• **Goal of the exercise**: From the records below, print exactly the lines starting at the one containing "Full Automatic Usb" and ending at the one containing "Building Photo - Updated", ends included, and nothing else.

• **Data**:
———

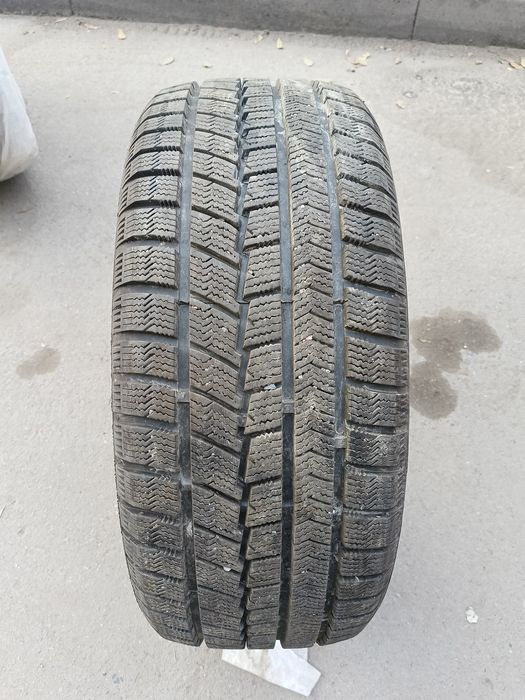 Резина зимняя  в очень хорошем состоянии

———

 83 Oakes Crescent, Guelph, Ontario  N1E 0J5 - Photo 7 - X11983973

———

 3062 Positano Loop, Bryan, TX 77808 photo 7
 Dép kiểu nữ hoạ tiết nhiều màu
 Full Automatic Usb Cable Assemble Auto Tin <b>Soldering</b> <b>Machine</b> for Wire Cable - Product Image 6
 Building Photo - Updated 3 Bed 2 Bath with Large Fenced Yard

———

• **Result**:
 Full Automatic Usb Cable Assemble Auto Tin <b>Soldering</b> <b>Machine</b> for Wire Cable - Product Image 6
 Building Photo - Updated 3 Bed 2 Bath with Large Fenced Yard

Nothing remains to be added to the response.